▸ Recorded data:
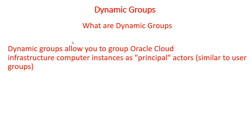You can then create policies to permit these instances to make API calls against Oracle Cloud Infrastructure services. So they behave like users, the instances, and they would have privileges which can command other services to work for them.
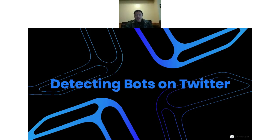Hi everyone, thanks for coming to this webinar on detecting bots on Twitter. I'm Kevin, I'm the head of developer relations at Bit, and today we're going to go over how you can detect actual bots on Twitter.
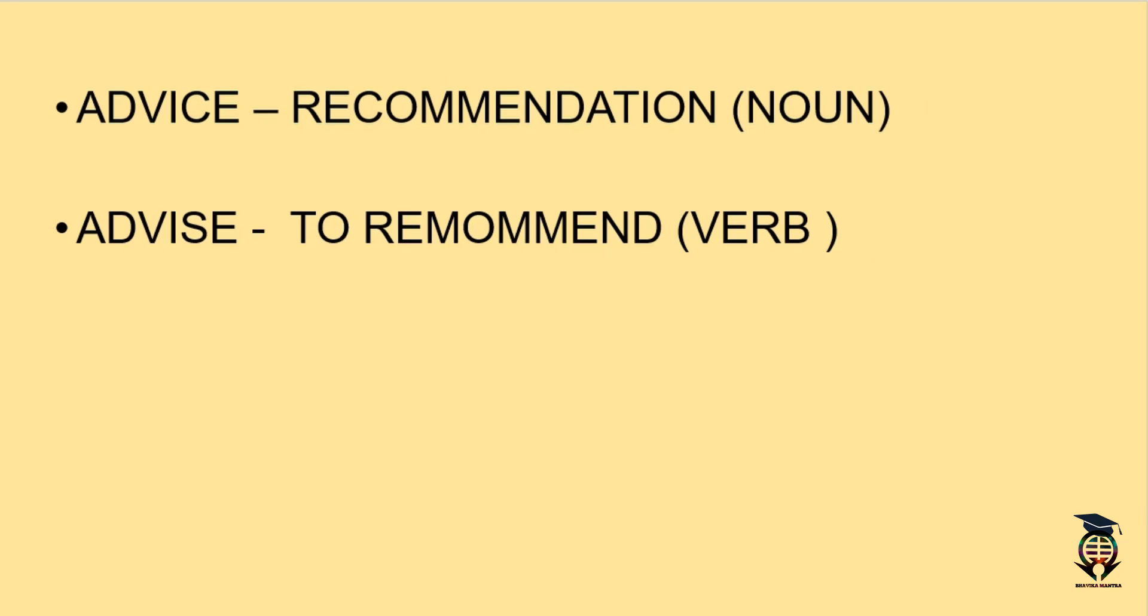So the trick is very easy. All you have to do is recite the ABCD. Obviously we have studied ABCD at our school level in our nursery. When we talk about ABCD, C comes first and S comes after. That's where we remember that C comes before S in the alphabet.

▸ Task details: Write out the material exactly, excluding pictures.

▸ The completed task:
You can then create policies to permit these instances to make API calls against Oracle Cloud Infrastructure services. So they behave like users, the instances, and they would have privileges which can command other services to work for them.
Hi everyone, thanks for coming to this webinar on detecting bots on Twitter. I'm Kevin, I'm the head of developer relations at Bit, and today we're going to go over how you can detect actual bots on Twitter.
So the trick is very easy. All you have to do is recite the ABCD. Obviously we have studied ABCD at our school level in our nursery. When we talk about ABCD, C comes first and S comes after. That's where we remember that C comes before S in the alphabet.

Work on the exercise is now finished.